• _TASK DIRECTIONS_
When the data below is printed, every line must match exactly and the images must be absent.

• _AVAILABLE DATA_
########

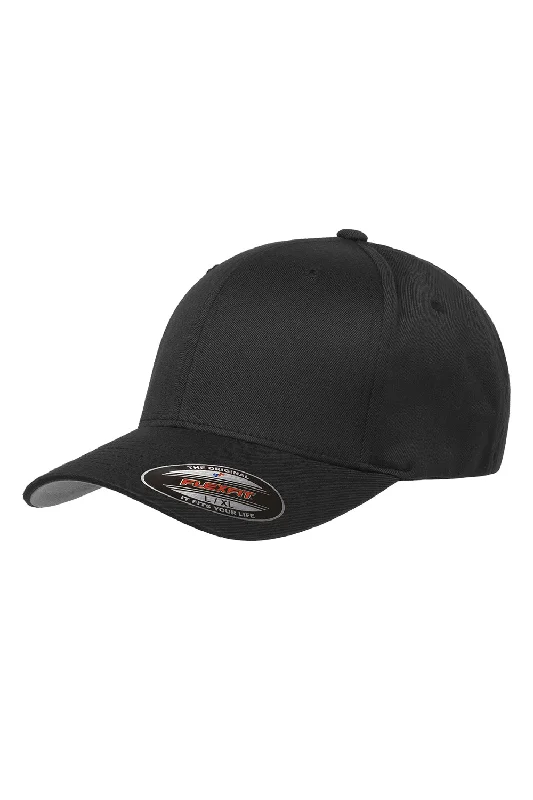 mens hats with deep tones-Flexfit Mens Stretch Fit Hat - Black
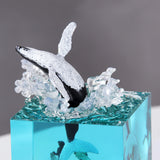 Blue Ancient Architecture Humpback Whale in the Water Handcrafted Ocean Resin Whale Night Light - Unique Home Decor Table Lamp - Top-Down View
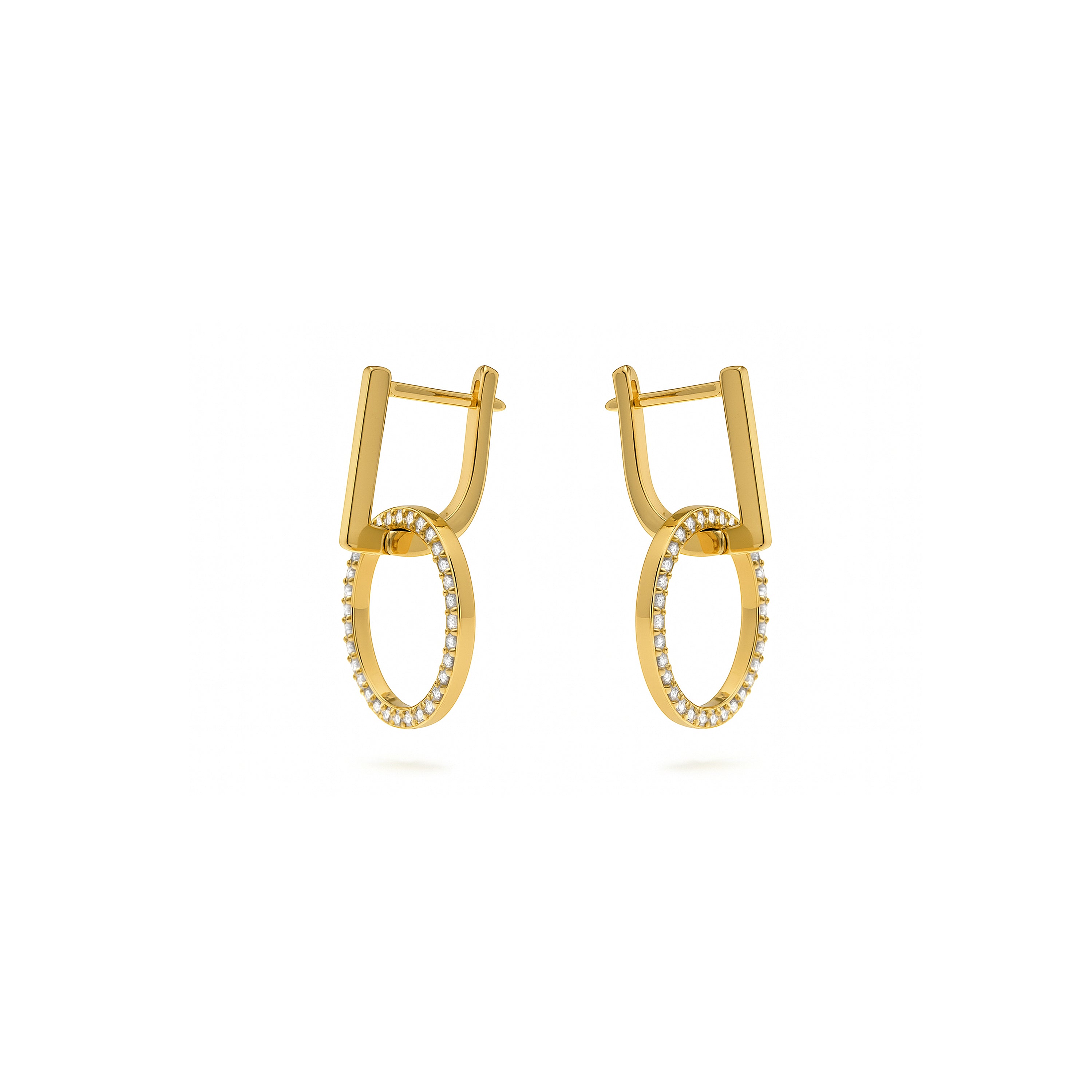 Brincos com acabamento em ouro amarelo 18k - Lally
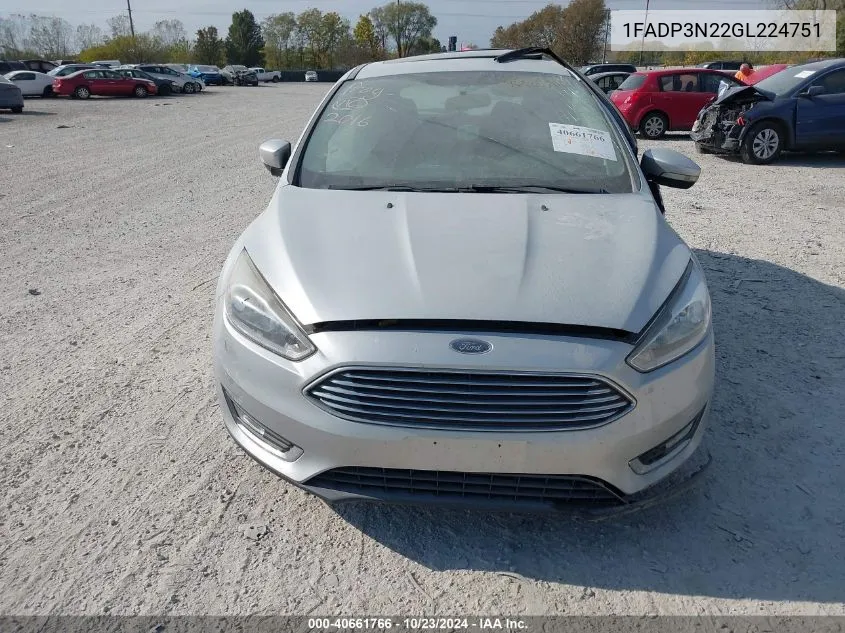 2016 Ford Focus Titanium VIN: 1FADP3N22GL224751 Lot: 40661766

########

• _EXERCISE RESULT_
 mens hats with deep tones-Flexfit Mens Stretch Fit Hat - Black
 Blue Ancient Architecture Humpback Whale in the Water Handcrafted Ocean Resin Whale Night Light - Unique Home Decor Table Lamp - Top-Down View
 Brincos com acabamento em ouro amarelo 18k - Lally
 2016 Ford Focus Titanium VIN: 1FADP3N22GL224751 Lot: 40661766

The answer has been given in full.